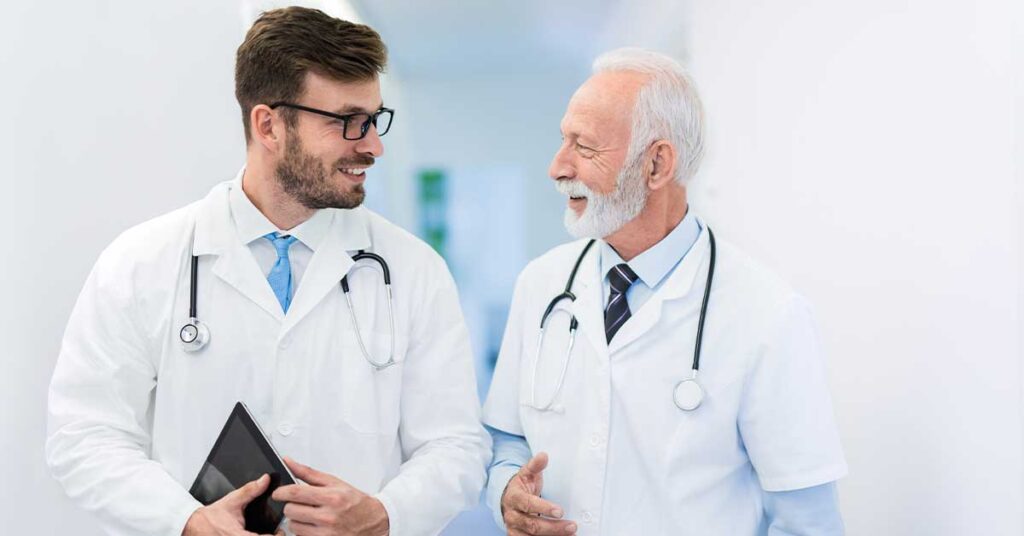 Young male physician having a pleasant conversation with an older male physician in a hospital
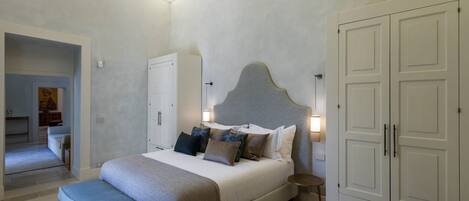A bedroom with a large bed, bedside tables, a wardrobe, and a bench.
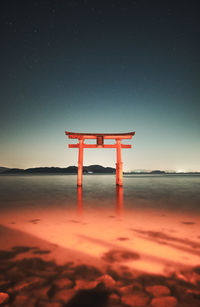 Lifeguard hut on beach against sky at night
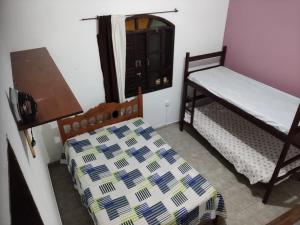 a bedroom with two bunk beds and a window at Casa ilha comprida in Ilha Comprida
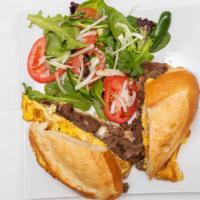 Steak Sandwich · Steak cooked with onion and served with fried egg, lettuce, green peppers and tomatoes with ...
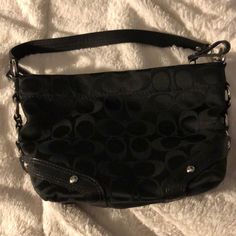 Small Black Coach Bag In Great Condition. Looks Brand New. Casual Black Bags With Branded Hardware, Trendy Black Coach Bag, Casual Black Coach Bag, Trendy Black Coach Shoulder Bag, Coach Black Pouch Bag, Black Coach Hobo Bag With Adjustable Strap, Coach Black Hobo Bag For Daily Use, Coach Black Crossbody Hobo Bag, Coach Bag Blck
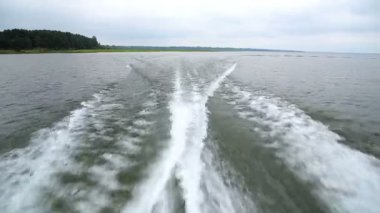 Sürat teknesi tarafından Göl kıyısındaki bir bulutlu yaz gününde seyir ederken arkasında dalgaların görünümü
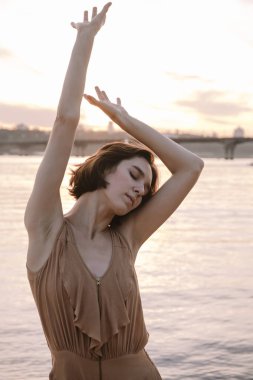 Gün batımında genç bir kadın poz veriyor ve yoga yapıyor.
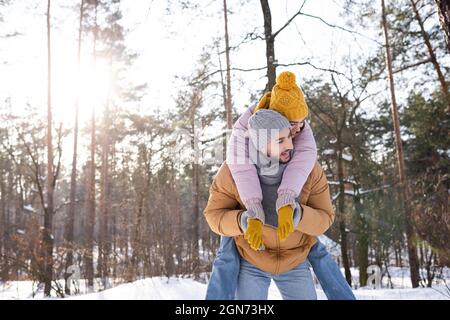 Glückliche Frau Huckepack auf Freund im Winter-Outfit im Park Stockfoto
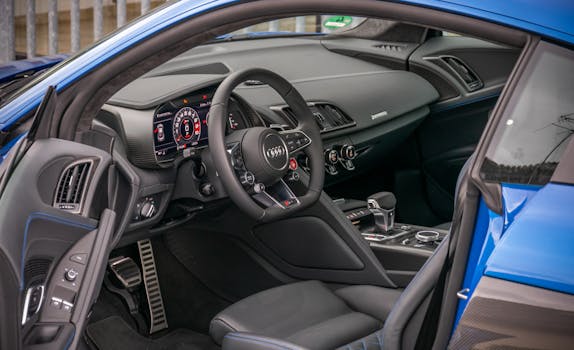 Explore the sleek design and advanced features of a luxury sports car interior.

● **WHAT YOU ARE ASKED TO DO**: Provide the listing above once more, exactly, with the pictures removed.

● **TASK ANSWER**:
 Young male physician having a pleasant conversation with an older male physician in a hospital
A bedroom with a large bed, bedside tables, a wardrobe, and a bench.
 Lifeguard hut on beach against sky at night
 a bedroom with two bunk beds and a window at Casa ilha comprida in Ilha Comprida
 Steak Sandwich · Steak cooked with onion and served with fried egg, lettuce, green peppers and tomatoes with ...
 Small Black Coach Bag In Great Condition. Looks Brand New. Casual Black Bags With Branded Hardware, Trendy Black Coach Bag, Casual Black Coach Bag, Trendy Black Coach Shoulder Bag, Coach Black Pouch Bag, Black Coach Hobo Bag With Adjustable Strap, Coach Black Hobo Bag For Daily Use, Coach Black Crossbody Hobo Bag, Coach Bag Blck
 Sürat teknesi tarafından Göl kıyısındaki bir bulutlu yaz gününde seyir ederken arkasında dalgaların görünümü
 Gün batımında genç bir kadın poz veriyor ve yoga yapıyor.
 Glückliche Frau Huckepack auf Freund im Winter-Outfit im Park Stockfoto
 Explore the sleek design and advanced features of a luxury sports car interior.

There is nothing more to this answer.